The copyright system is the most commonly used type of protection, but has also been the most difficult to enforce. There is no protection for fonts or typeface designs in US copyright law.

What about freeware fonts?

Many new designers are confused by the licensing rights afforded to them when downloading free fonts. It’s important, especially when designing a logo, that the end-user familiarize themselves with the rights they have to the font they’re using. Many free fonts are limited to personal use only, and providing this typeface to a client as part of their logo design could result in legal troubles for you and your client if the font’s owner or creator finds his typeface being used unlawfully.

The best way to make sure you only use fonts that are appropriate for use in professional graphic design is to avoid downloading any free fonts that are not licensed for professional use. Graphic designers are accustomed to having large font libraries and keeping track of those that you can or cannot use gets more difficult as your library expands.

If I make a design for my client, can I send him the fonts?
The easy answer for this question is no. Unless specifically stated otherwise, you cannot share your fonts, even if your client purchases a design from you. You may give him the name of the font you used, but he’ll need to purchase usage rights for himself. The easiest way to get proper files to your client without the worry of font issues, convert all of your type to outlines before sending your design files.

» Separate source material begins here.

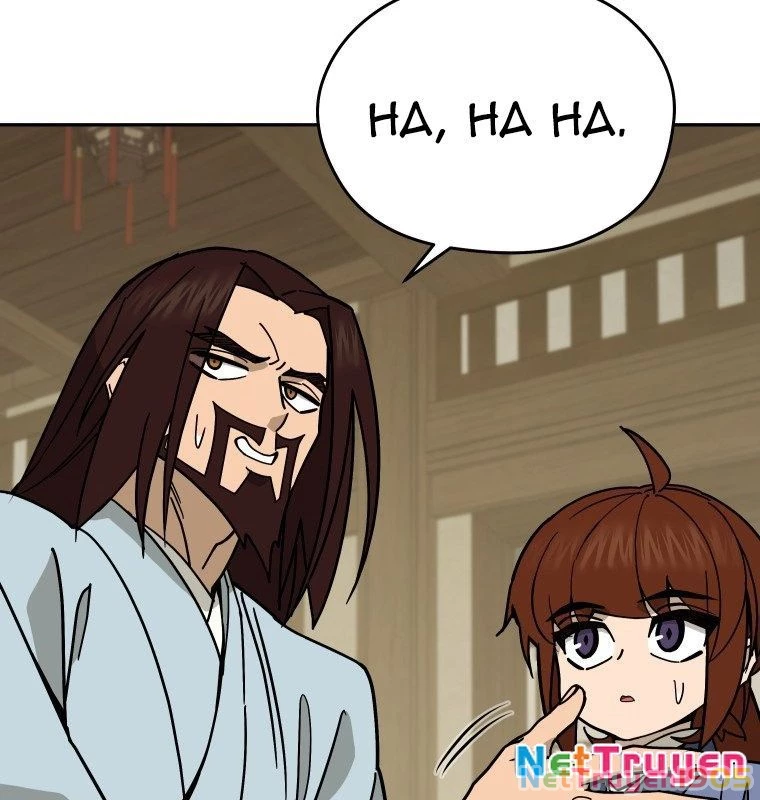 Thần Ma Y Đạo Chapter 12 - Trang 41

Of course, not all fonts contain the same usage rights and protection, so it is very important to read the end user license agreements and copyrights related to any fonts that you choose to acquire and use in your designs.

Posted on July 13, 2011

Category: Fonts

Article tags

  • Steven Verstoep

    How about this case: I generate 3D objects of all characters in a FONT (using Blender Software) (possibly distorting the font (thickness)). I then write software that makes 3D words from text, so I have to do my own typesetting. This can then be used to render 3D text in other software, designing or games. I made already 1 set based on Arial, but am I allowed to sell this asset based on different popular fonts (and use the names of these fonts)? And 2: same question if you rasterize it into textures (bitmaps).